There were other sadnesses that I didn’t predict. After more than two years of illness, my dad died in 2011. Then last year my 12 year old greyhound succumbed to cancer. I don’t feel ready to lose anyone else close to me, although my nan-in-law is in her nineties…

Perhaps the next five years will bring opportunities to travel and relax. I got ill in 2011 and I’m still trying to manage my health challenges now, although I’ve now got the assistance of some great specialists. My immediate priority is a holiday, and then when I’m well enough, a puppy!

I’d also like some more opportunities to speak on TV and radio; this is something I didn’t predict, and which really began in 2008 when I was featured on Countryfile and The One Show.

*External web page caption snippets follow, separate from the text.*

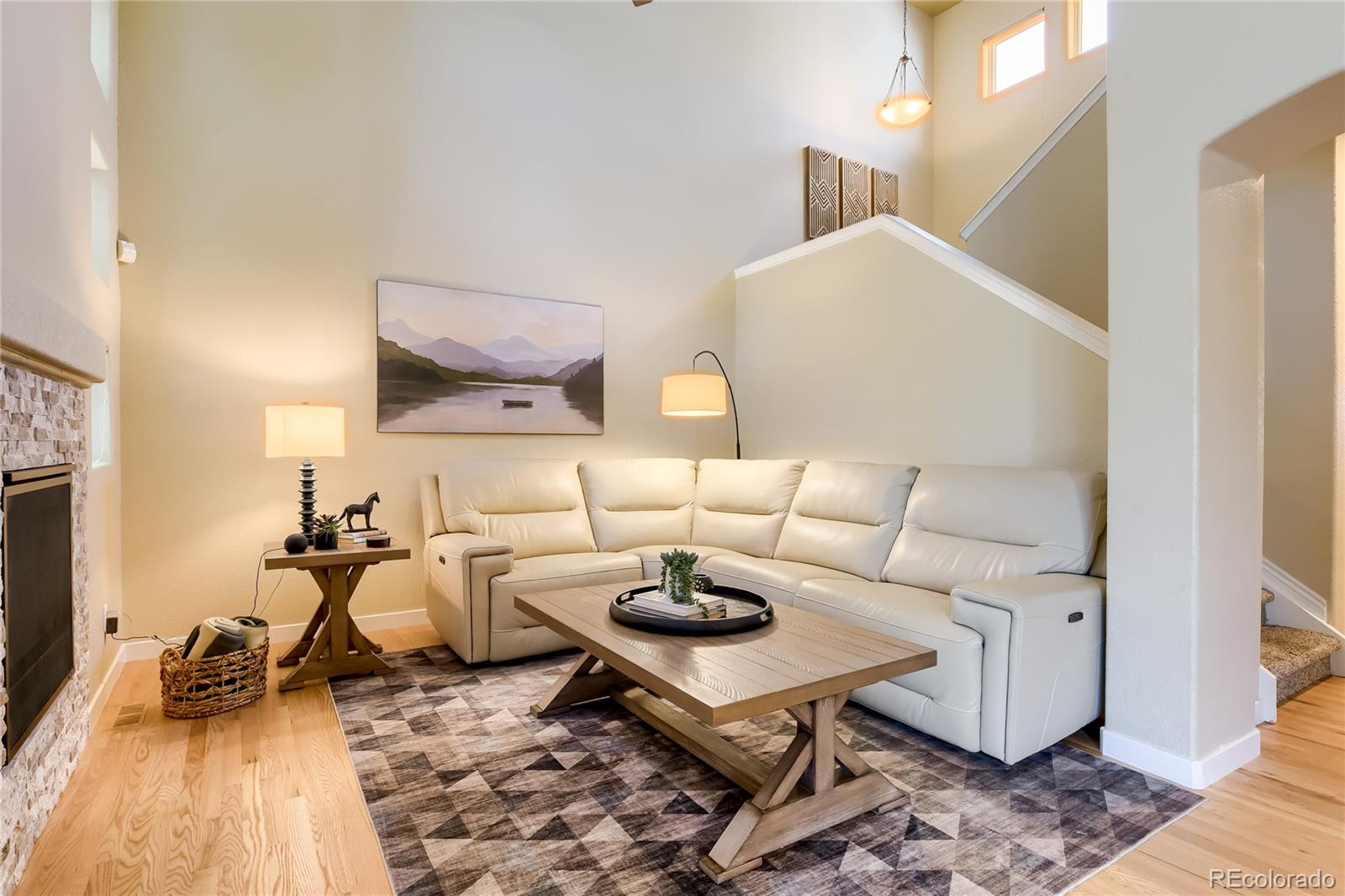 MLS Image #2 for 6617 s forest way,centennial, Colorado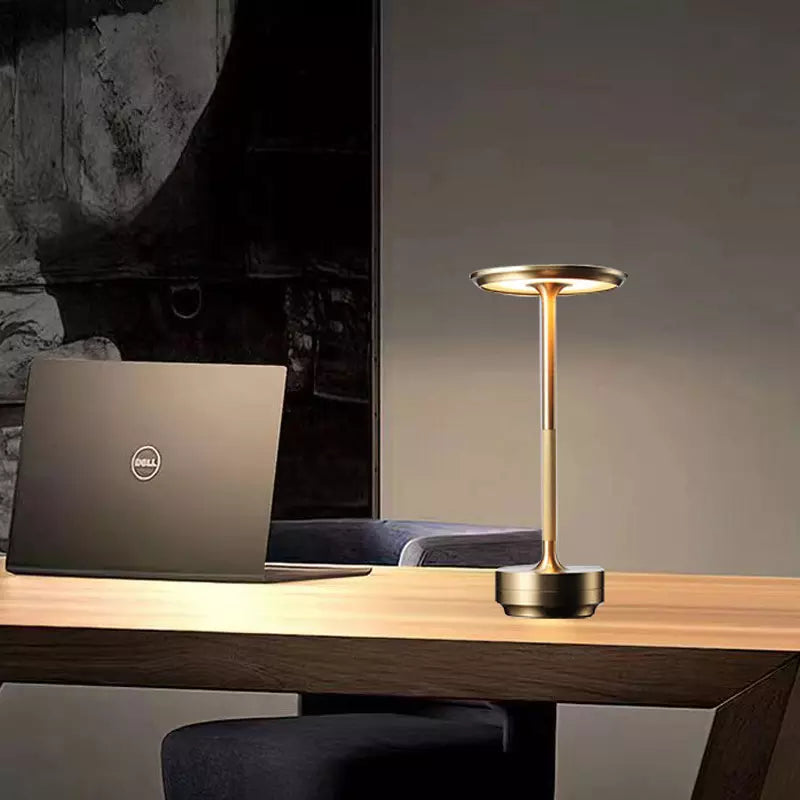 Bailey Bordlampe - Trådløs LED-lampe med Berøringssensor | Kjøp 1 Få 1 Gratis | Vanntett og Oppladbar | Skanto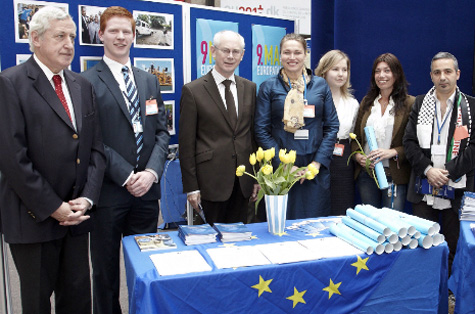 Sanna Silventoinen (3. oik.) kollegoineen sai vieraita avointen ovien päivänä. Vasemmalla EUH:n toimeenpaneva pääsihteeri Pierre Vimont ja keskellä Eurooppa-neuvoston pj Herman Van Rompuy. Kuva: Euroopan unionin neuvosto.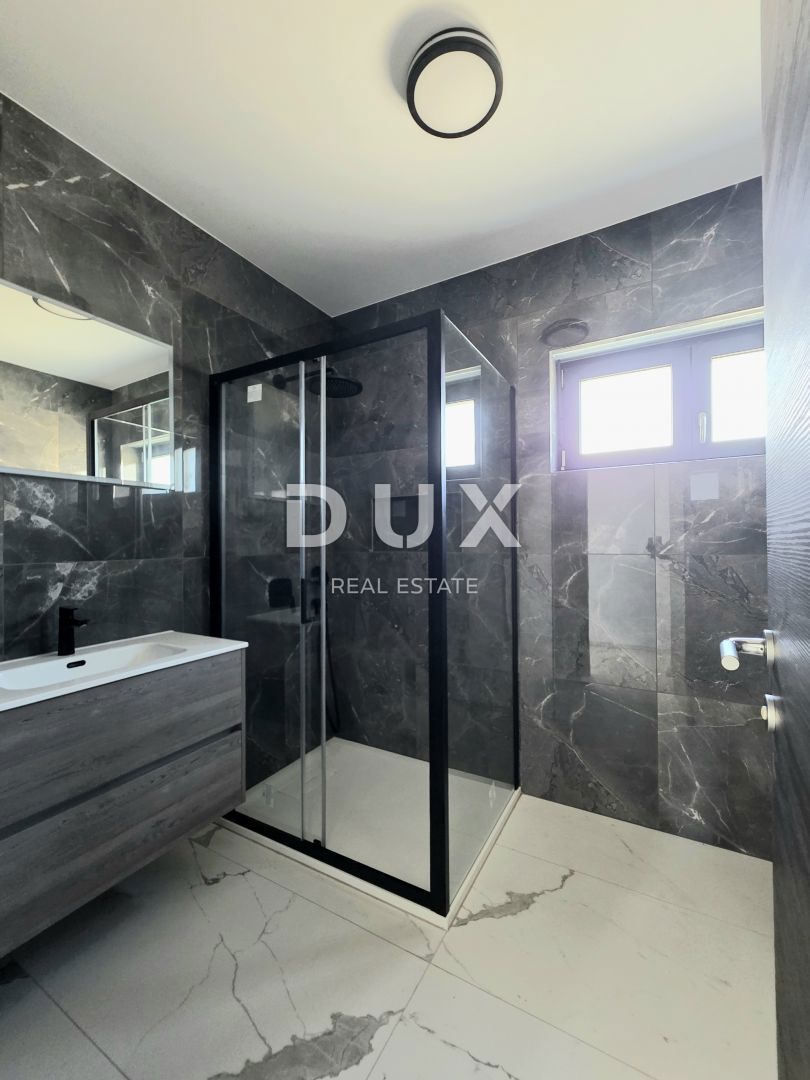 ISTRIA, ŠTINJAN - Una combinazione perfetta di lusso e comfort, appartamento 2SS+DB con garage privato a soli 500 metri da spiagge ben curate e lunghe passeggiate in riva al mare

By 2012 I’d also been on Radio stations 2, 4 and 5, loads of local radio programmes, BBC World, Sky News, and on BBC Breakfast TV – though each only for a few minutes at a time. Hopefully over the next five years I’ll get more chances to share my knowledge and experiences with the world! If I could one day make my living in that manner, I’d be delighted.

Those are my hopes for the future – what are yours? Do you have a prediction for how we will be living in 2018? Perhaps you can help me reach my goals in some way! Let me know your thoughts.